David Cameron's reference to the Megrahi release in his conference speech (courtesy of the Caledonian Mercury) -

"There are some red lines which we must never cross...the sight of that man responsible for the Lockerbie bombing being set free to get a hero’s welcome in Tripoli. No. It was wrong. It undermined our standing in the world. Nothing like that must ever happen again."

Leaving aside the irritating Blair-like 'stream of consciousness' party trick of trying to make it sound as if the sheer gravity of the subject has only just struck him mid-passage, it has to be said that Cameron is moving on to very, very dangerous territory with this rhetoric. It simply isn't possible for London politicians to credibly claim that they "respect" the devolution settlement unless they also accept that decisions that they personally feel are wrong not only can happen again, but almost certainly will, and indeed should. The powers transferred under the Scotland Act were not conditional upon being used in a way consistent with arbitrary "red lines" dreamt up by a Tory leader to win cheap applause at his party conference.

Was it legitimate for Cameron to attack his political opponents for a controversial decision? Absolutely. But to suggest that it must 'never' be 'allowed' to happen again, in order to protect 'our' interests...well, that sounds suspiciously like a threat, and one rooted in the hubris of an almost colonial mindset.


  1. Poor old David Cameron he just cannot seem to stop the flim-flam. All those lies he told everyone to get the keys to number 10 and look at the total mess he is making of it. By and large he has to leave it to Nick Clegg but when he doesn’t he opens his mouth and sticks his foot in it. At least he is consistent, so 10 out of 10 for effort!
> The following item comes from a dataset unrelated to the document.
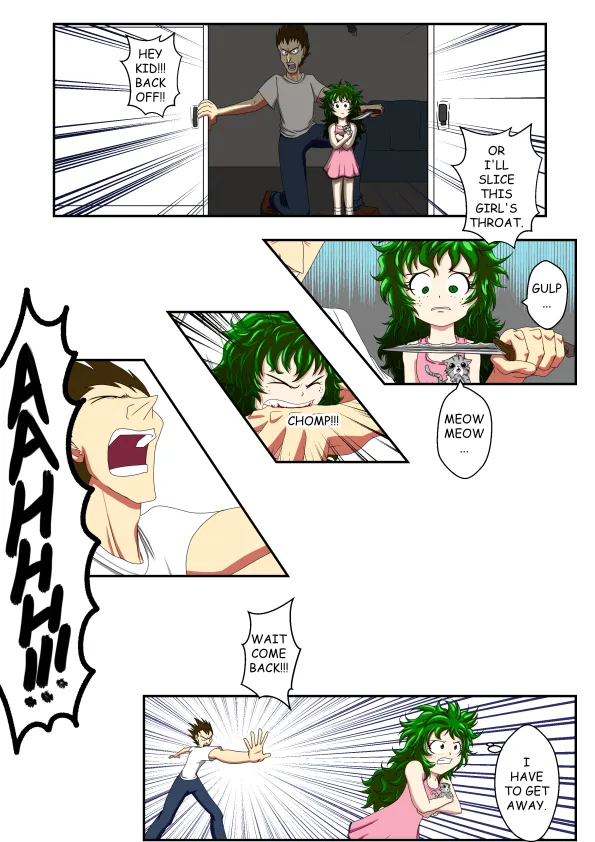 Manga Page 16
    The respect agenda was just like everything else a whole lot of puff designed to get people to vote for him. What a shame it did not work on the Scots, nobody here believed him and nobody here voted for him. This speech is clearly just a whole lot more of the same, empty threats designed to get cheap applause from the converted. One quickie visit to Alex Salmond after winning an election does not make a respect agenda in my book especially when the very next week he is off to the USA to help bolster a flagging US President and curry favour with a whole pile of Senators up for re-election by ripping the properly constituted Government of Scotland up for toilet paper. Maybe he thinks our memories and attention span are as short as his own?

  2. Bravo. Well said.

    From day one Cameron has been an empty vessel making much noise.

    It does sound suspiciously like a threat. Perhaps he would like to make it clear to us what steps he intends to take to ensure that this never happens again?

    Mr Cameron's respect agenda came and went in the first week of his premiership. He visited Scotland and spoke to the first minister and the other party leaders then he went to America and ripped Scotland to pieces to curry favour with their leadership in an election year.

  3. Tris, perhaps he's hankering after a wheeze along the lines of the old "Luxembourg Compromise" - ie. Scotland can exercise its devolved powers, except where that runs contrary to the "overwhelming national interest" of the UK. And who would get to decide when the overwhelming national interest of the UK is at stake? Well, the UK government, of course! That would fit in with the logic of what he was saying today, but I presume it's all just bluster.

  4. Strange and rather pointless tactic to use his speech to have a pop at the SNP on Megrahi. People in England are not likely to particularly care about it and people in Scotland are likely to be rather annoyed by his patronising tone, irrespective of whether or not they agreed with the decision itself.

    Poor advice from whoever suggested it.